[YOUR INSTRUCTIONS]: An exact copy of every entry is the answer here, with no pictures.

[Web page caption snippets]
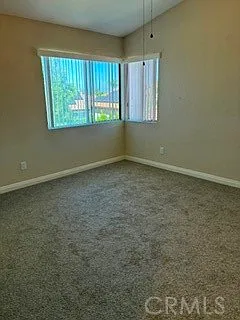 21 Dewberry — Photo 23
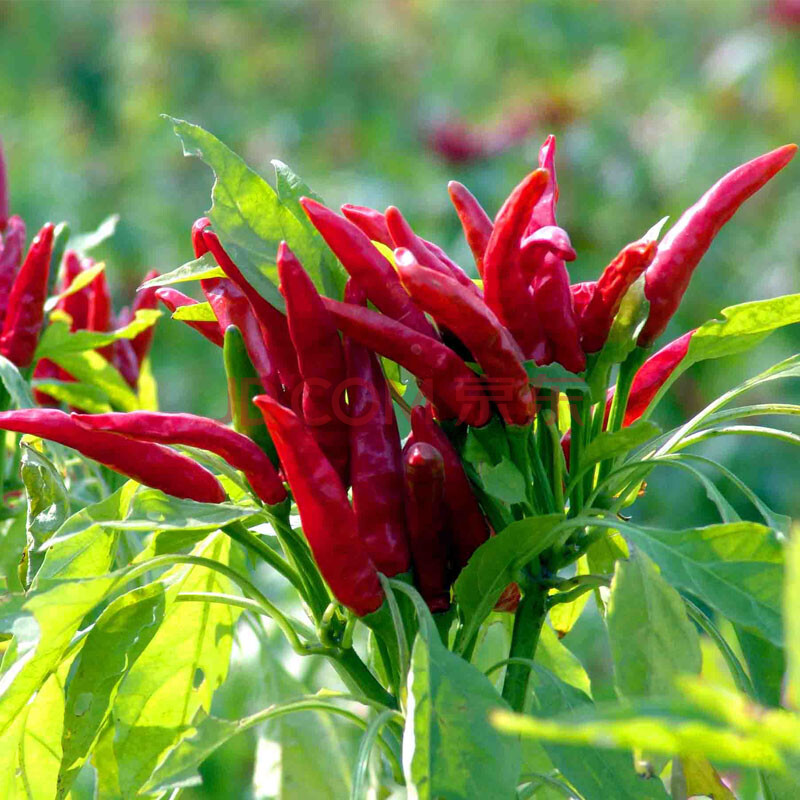 白<em>辣妹子</em>+大黄朝天<em>椒</em>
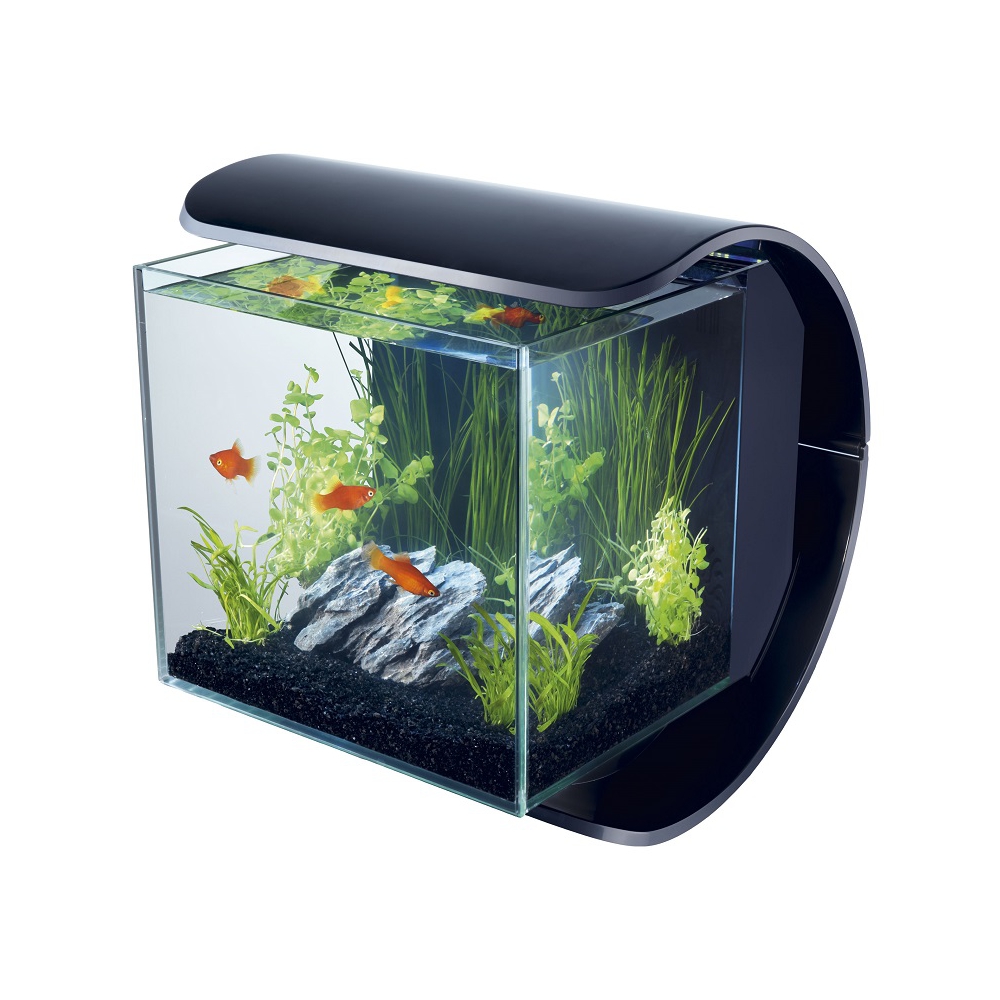 Мини-аквариумы (12 фото): каких рыбок завести в крошечном аквариуме? что нужно для маленьких аквариумов? светильники и растения для небольшого аквариума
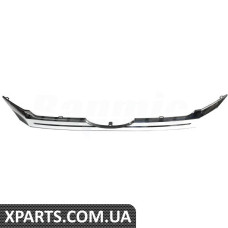 Front Grille Trim molding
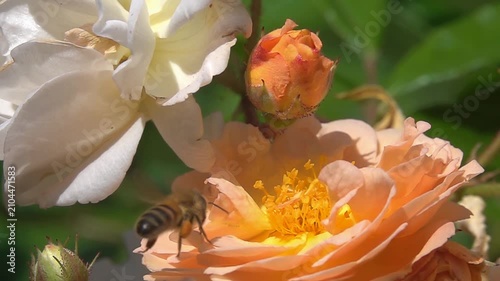  Bee on rose Flower. Honeybee and pink Roses. Close-up
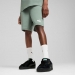  Puma Boy's Essentials 2 Color No1 Logo Shorts  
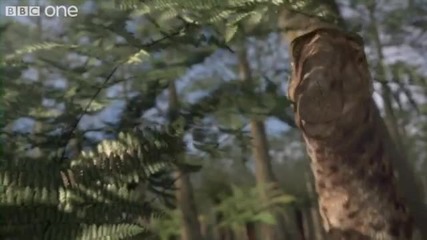 Планетата на Динозаврите - Nothronychus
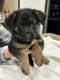 German Shepherd Puppies for sale in Omaha, TX 75571, USA. price: NA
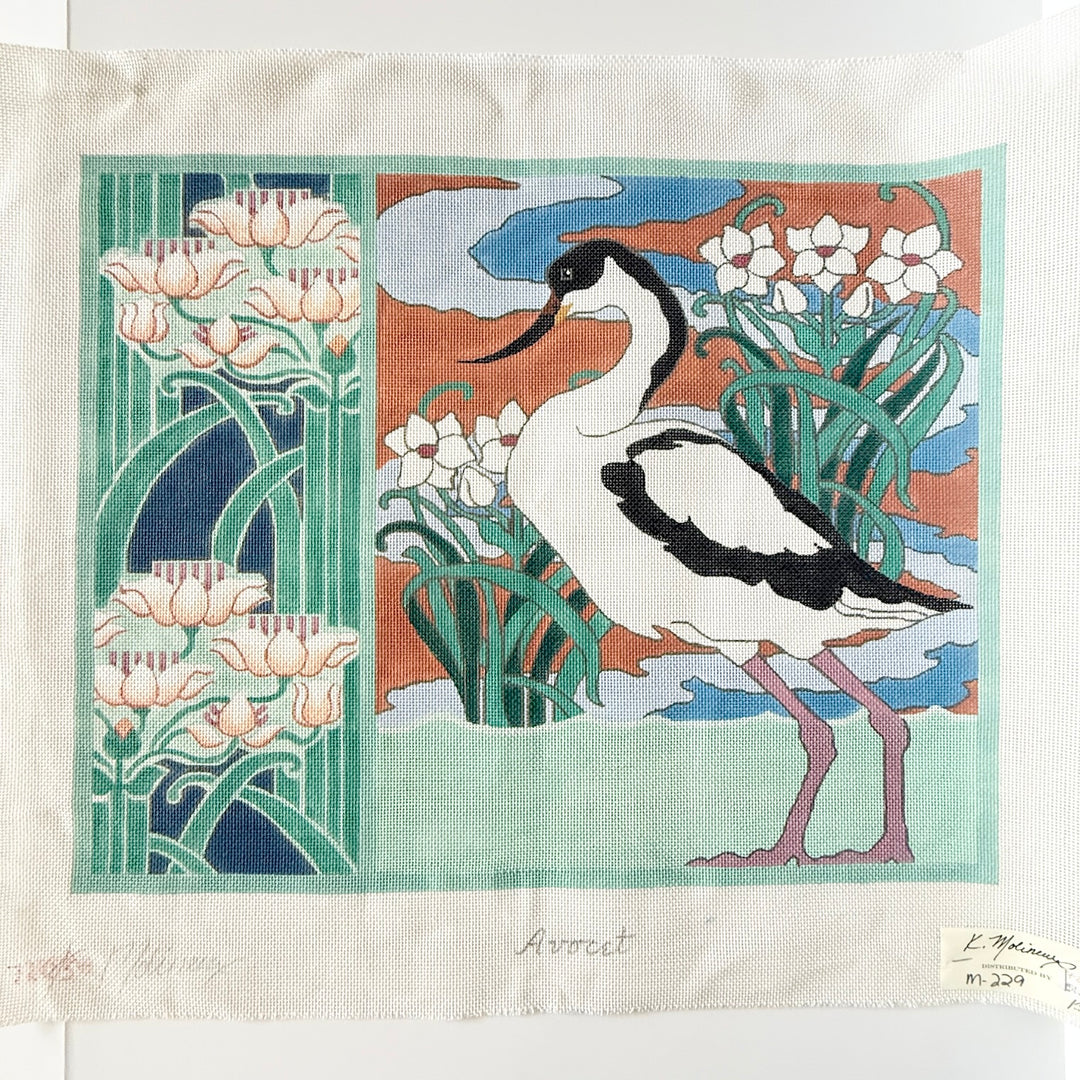 avocet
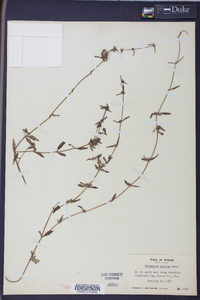 Spermacoce keyensis image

[TASK OUTPUT]:
 21 Dewberry — Photo 23
 白<em>辣妹子</em>+大黄朝天<em>椒</em>
 Мини-аквариумы (12 фото): каких рыбок завести в крошечном аквариуме? что нужно для маленьких аквариумов? светильники и растения для небольшого аквариума
 Front Grille Trim molding
  Bee on rose Flower. Honeybee and pink Roses. Close-up
  Puma Boy's Essentials 2 Color No1 Logo Shorts  
 Планетата на Динозаврите - Nothronychus
 German Shepherd Puppies for sale in Omaha, TX 75571, USA. price: NA
 avocet
 Spermacoce keyensis image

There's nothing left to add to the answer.